Data items
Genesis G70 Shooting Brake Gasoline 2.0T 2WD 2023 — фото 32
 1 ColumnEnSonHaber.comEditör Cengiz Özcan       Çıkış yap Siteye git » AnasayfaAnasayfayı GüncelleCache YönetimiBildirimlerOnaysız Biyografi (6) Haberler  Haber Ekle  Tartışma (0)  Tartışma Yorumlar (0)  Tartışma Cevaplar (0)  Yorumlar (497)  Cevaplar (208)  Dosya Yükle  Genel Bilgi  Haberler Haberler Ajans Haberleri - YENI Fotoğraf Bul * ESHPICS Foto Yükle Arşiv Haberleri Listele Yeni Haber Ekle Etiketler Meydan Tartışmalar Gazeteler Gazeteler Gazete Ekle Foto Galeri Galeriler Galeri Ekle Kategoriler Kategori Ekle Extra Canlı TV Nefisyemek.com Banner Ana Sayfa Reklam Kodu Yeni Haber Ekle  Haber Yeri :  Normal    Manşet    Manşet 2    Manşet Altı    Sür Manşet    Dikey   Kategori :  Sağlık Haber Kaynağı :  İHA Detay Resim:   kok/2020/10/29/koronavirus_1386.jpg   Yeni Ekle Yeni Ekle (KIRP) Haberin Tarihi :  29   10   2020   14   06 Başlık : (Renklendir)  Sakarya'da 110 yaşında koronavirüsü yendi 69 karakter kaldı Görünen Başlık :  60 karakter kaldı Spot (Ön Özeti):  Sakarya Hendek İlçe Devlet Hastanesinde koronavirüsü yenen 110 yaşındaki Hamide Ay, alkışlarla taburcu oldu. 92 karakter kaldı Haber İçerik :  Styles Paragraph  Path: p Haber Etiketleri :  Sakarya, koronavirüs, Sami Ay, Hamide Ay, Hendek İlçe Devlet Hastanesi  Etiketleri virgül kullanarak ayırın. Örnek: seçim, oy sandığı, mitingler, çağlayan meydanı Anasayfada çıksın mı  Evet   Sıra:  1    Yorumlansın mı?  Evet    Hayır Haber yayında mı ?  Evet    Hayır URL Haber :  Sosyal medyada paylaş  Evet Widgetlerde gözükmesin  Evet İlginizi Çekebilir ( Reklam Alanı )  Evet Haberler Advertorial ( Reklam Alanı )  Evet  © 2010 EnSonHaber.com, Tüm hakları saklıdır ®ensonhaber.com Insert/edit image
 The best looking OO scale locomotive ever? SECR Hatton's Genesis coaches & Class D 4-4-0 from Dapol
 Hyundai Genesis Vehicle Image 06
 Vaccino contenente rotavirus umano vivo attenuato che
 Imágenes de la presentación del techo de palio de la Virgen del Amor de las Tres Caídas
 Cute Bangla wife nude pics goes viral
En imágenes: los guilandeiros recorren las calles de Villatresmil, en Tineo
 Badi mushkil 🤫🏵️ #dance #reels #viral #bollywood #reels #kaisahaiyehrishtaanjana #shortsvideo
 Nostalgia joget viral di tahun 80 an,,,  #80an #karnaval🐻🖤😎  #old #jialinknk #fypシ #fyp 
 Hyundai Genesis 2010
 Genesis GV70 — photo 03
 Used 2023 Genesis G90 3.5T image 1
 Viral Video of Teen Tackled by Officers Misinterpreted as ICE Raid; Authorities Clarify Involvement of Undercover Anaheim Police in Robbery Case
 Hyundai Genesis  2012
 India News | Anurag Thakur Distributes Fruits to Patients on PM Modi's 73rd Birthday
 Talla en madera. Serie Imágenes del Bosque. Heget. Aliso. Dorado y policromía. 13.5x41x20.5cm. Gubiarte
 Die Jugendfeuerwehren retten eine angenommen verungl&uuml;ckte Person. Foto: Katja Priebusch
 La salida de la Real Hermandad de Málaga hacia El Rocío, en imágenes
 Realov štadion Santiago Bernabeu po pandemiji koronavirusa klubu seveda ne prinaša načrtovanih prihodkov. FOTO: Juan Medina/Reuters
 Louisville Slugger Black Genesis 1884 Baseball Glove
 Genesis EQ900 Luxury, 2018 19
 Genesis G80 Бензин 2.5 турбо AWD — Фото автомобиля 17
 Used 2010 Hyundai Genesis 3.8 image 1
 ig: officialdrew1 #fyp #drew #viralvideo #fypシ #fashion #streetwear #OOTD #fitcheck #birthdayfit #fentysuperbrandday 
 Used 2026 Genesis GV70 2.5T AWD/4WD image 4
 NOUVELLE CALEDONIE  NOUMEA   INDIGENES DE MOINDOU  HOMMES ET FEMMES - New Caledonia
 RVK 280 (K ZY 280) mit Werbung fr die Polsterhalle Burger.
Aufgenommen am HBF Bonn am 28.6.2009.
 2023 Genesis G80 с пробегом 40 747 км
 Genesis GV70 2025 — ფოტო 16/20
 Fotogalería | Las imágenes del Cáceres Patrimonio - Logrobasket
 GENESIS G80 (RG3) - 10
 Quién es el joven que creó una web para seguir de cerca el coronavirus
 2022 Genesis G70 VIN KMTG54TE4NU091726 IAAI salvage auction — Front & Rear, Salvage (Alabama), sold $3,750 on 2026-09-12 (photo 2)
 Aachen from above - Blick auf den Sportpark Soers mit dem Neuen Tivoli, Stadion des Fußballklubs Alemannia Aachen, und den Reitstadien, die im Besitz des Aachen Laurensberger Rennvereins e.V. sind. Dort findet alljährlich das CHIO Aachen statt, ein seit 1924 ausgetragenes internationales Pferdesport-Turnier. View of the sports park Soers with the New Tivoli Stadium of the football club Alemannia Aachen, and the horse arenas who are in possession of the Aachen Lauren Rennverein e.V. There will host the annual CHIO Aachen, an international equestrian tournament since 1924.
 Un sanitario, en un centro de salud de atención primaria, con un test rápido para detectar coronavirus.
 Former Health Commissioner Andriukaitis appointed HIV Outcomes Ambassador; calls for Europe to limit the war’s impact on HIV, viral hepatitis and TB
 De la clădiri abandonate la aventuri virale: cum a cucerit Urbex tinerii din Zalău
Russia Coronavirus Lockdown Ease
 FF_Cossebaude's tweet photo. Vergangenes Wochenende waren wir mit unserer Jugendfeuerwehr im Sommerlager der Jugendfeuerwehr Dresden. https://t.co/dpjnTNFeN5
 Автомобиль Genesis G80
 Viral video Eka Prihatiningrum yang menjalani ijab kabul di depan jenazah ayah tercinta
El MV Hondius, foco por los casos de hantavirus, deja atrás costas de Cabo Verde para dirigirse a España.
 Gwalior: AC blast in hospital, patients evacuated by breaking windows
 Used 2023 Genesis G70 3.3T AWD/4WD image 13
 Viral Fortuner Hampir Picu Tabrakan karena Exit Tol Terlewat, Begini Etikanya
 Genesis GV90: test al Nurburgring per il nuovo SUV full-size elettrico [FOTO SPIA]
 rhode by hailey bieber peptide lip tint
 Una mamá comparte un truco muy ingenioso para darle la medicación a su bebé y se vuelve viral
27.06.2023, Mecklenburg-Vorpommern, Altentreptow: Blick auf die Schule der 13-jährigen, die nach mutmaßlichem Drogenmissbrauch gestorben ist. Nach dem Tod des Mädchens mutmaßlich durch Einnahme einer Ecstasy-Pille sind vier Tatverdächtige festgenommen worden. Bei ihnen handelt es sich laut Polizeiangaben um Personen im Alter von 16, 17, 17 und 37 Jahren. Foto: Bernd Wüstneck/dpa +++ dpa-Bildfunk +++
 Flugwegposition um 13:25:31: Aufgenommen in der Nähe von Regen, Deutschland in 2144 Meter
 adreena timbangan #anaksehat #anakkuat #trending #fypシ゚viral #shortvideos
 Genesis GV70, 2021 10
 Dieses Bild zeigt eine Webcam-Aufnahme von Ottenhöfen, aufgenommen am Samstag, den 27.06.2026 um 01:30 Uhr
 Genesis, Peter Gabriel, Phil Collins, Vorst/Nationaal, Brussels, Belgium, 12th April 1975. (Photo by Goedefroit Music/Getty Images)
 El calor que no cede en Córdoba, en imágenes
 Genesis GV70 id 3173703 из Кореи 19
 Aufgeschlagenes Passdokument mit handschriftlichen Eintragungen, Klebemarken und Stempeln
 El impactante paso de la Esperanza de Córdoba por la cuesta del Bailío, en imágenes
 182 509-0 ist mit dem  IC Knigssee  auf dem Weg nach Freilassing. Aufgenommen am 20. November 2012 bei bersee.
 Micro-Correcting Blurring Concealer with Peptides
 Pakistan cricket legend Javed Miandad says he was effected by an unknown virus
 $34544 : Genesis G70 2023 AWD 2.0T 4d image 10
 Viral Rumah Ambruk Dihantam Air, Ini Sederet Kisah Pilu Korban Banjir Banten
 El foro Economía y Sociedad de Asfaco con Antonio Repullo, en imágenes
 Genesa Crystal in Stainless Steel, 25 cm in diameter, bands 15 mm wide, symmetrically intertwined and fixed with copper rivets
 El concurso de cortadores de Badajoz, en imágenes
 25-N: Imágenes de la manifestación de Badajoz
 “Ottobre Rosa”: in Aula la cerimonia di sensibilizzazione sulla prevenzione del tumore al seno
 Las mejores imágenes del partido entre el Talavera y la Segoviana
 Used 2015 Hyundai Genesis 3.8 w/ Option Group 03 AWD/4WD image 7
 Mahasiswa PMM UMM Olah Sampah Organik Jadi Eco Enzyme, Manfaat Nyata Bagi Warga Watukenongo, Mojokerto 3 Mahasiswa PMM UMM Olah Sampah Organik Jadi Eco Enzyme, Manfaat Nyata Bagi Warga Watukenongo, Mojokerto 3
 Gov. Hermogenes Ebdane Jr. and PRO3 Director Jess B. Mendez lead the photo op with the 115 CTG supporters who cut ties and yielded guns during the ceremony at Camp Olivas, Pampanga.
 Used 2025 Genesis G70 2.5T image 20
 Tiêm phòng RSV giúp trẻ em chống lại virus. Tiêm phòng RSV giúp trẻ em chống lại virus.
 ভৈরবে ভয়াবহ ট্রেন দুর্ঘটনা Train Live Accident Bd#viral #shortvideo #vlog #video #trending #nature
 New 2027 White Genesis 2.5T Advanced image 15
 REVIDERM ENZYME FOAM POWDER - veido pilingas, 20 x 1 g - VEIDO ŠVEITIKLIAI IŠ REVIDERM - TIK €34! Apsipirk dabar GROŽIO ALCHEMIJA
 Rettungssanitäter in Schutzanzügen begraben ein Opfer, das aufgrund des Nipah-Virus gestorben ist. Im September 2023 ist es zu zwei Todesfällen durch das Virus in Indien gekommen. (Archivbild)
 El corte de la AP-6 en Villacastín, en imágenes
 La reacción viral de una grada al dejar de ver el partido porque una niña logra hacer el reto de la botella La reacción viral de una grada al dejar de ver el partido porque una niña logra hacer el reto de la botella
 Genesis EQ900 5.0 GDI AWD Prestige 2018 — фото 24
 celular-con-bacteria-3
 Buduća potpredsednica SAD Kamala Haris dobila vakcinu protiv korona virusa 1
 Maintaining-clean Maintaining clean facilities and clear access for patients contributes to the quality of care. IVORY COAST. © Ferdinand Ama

● **WORK REQUEST**
Above are the records; from them, give again exactly the lines from the one containing "Micro-Correcting Blurring Concealer" through the one containing "El foro Economía", both included.

● **SOLUTION TO THIS EXERCISE**
 Micro-Correcting Blurring Concealer with Peptides
 Pakistan cricket legend Javed Miandad says he was effected by an unknown virus
 $34544 : Genesis G70 2023 AWD 2.0T 4d image 10
 Viral Rumah Ambruk Dihantam Air, Ini Sederet Kisah Pilu Korban Banjir Banten
 El foro Economía y Sociedad de Asfaco con Antonio Repullo, en imágenes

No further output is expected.